Wettlauf um das autonome Fahren
11. Juli 2017Sich ins Auto setzen, bequem zurücklehnen, Zeitung lesen, Mails checken oder einfach etwas dösen - bisher war das nur möglich, wenn man sich einen eigenen Fahrer leisten konnte, der einen durch den Verkehr lotste. In Zukunft könnte dieses Vergnügen auch der breiten Masse zuteil werden. Bequeme Mobilität, mehr Sicherheit, weniger Umweltbelastung - das sind die Verheißungen des fahrerlosen Fahrens. Autonomes Fahren ist der große Trend und das nicht nur in der Automobilindustrie.

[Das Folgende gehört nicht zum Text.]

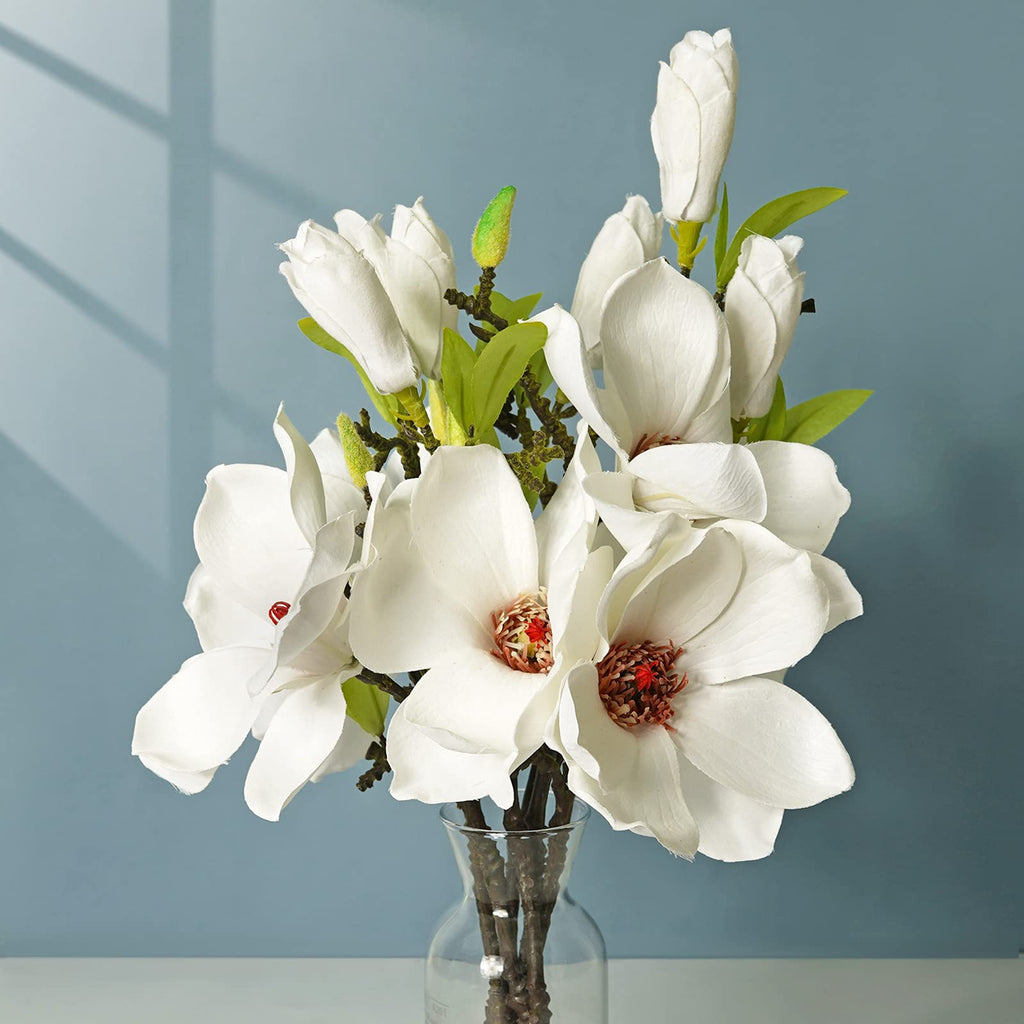 LIUCOGXI 6 Pcs White Silk Artificial Magnolia Flowers Decoration Bouquet with Long Stem for Home Table Centerpiece Office Vase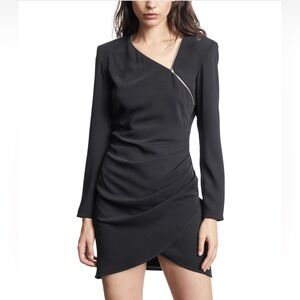 NEW - The Kooples Black Zip-neck long-sleeve stretch-woven mini dress - Size S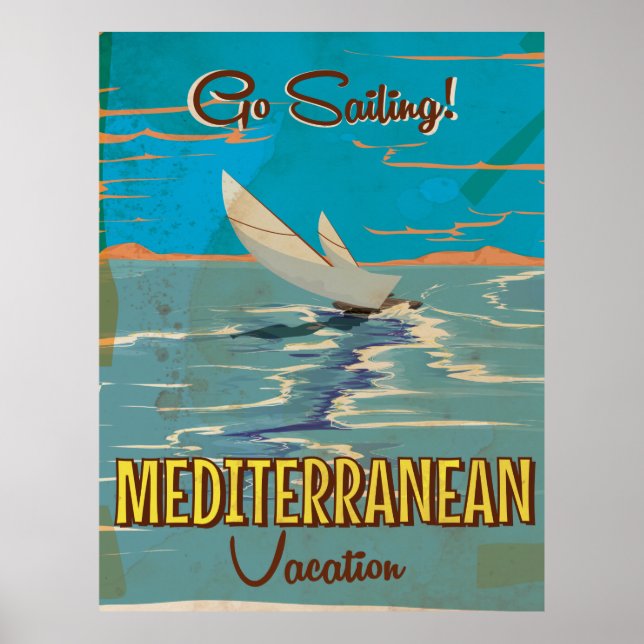 Poster de viagens vintage do Mediterrâneo (Frente)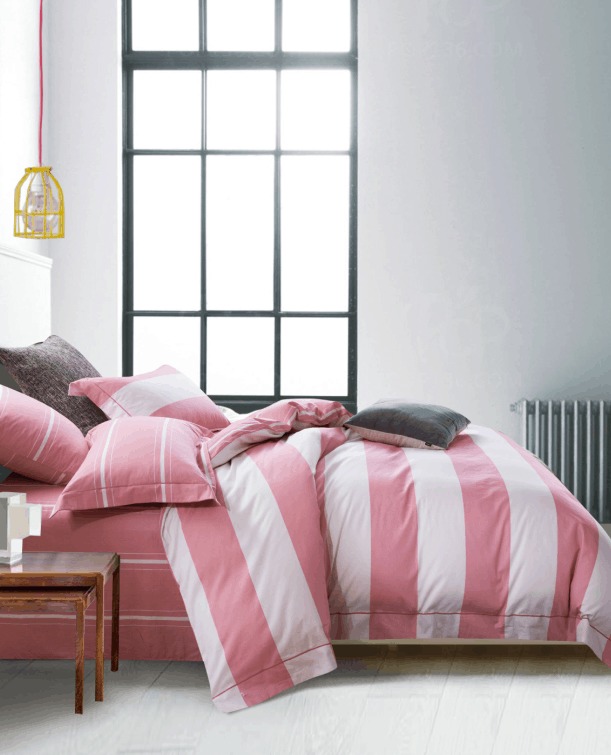 Постельное белье Vpostelke Страйп 1.5-Спальный 150х220 см сатин розовый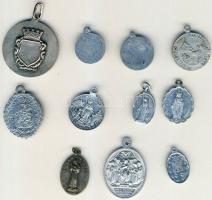 10db vallási témájú medál + 1db érem T:vegyes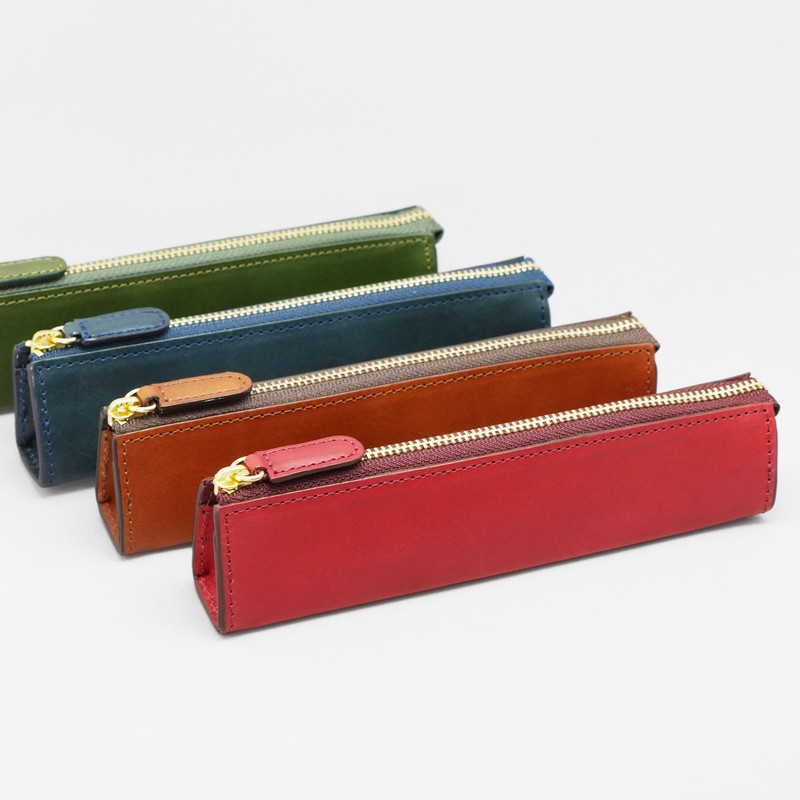 Slip-on Zipper Pencil Case S Rio Italian Leather Leather Navy
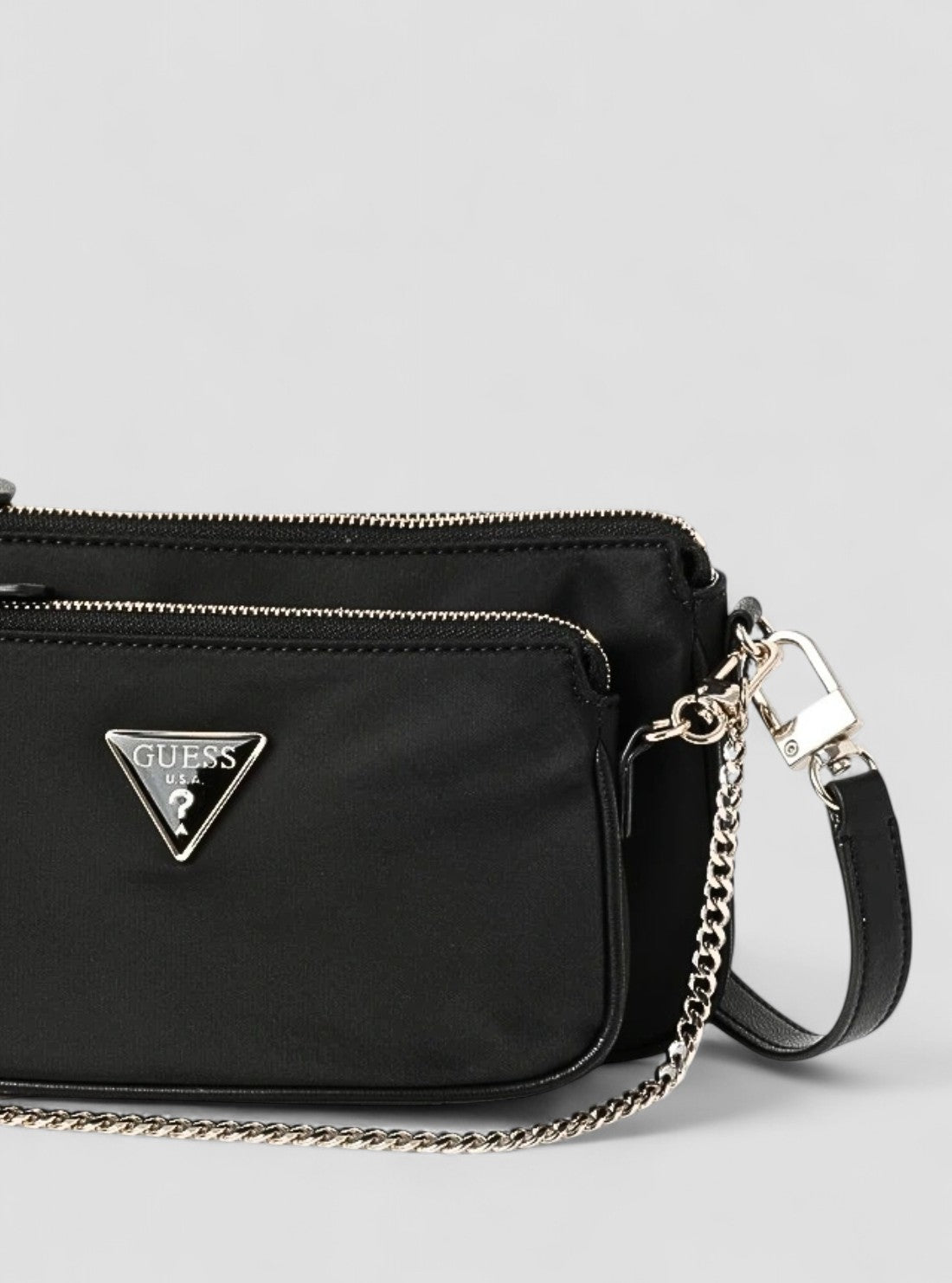GUESS Womens Black Little Bay Mini Crossbody Bag NG811670 Detail View
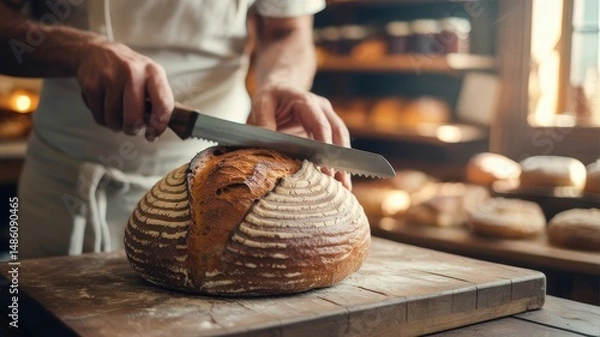 Fototapeta Baker skillfully cuts fresh sourdough bread in a warm, inviting bakery with rustic decor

Die konventionellen Autobauer suchen sich inzwischen Hilfe aus der IT-Branche wie beispielsweise bei Microsoft oder der Deutschen Telekom. Zudem drängen neue Wettbewerber in den Markt. Fahrdienstleister wie Uber arbeiten an Konzepten für selbstfahrende Autos. Auch IT-Riesen wie Google, Apple oder der chinesische Internetriese Baidu wittern neue Geschäftsmodelle.
Wie autonom ist autonom?
Alle Akteure testen bereits eifrig verschiedene Fahrzeuge, die mehr oder weniger autonom fahren. In Kalifornien, in Deutschland, Israel oder China. Haben es also einige Menschen schon besser als der Rest und können hinterm Steuer schlafen? Bislang kann das Auto dem Fahrer einige oder mehrere Aufgaben abnehmen. So können einige Wagen schon tote Winkel überwachen und helfen, die Spur zu halten oder die Parklücke zu treffen. Diese Teilautomatisierung ist zumindest in den oberen Fahrzeugklassen bereits Alltag.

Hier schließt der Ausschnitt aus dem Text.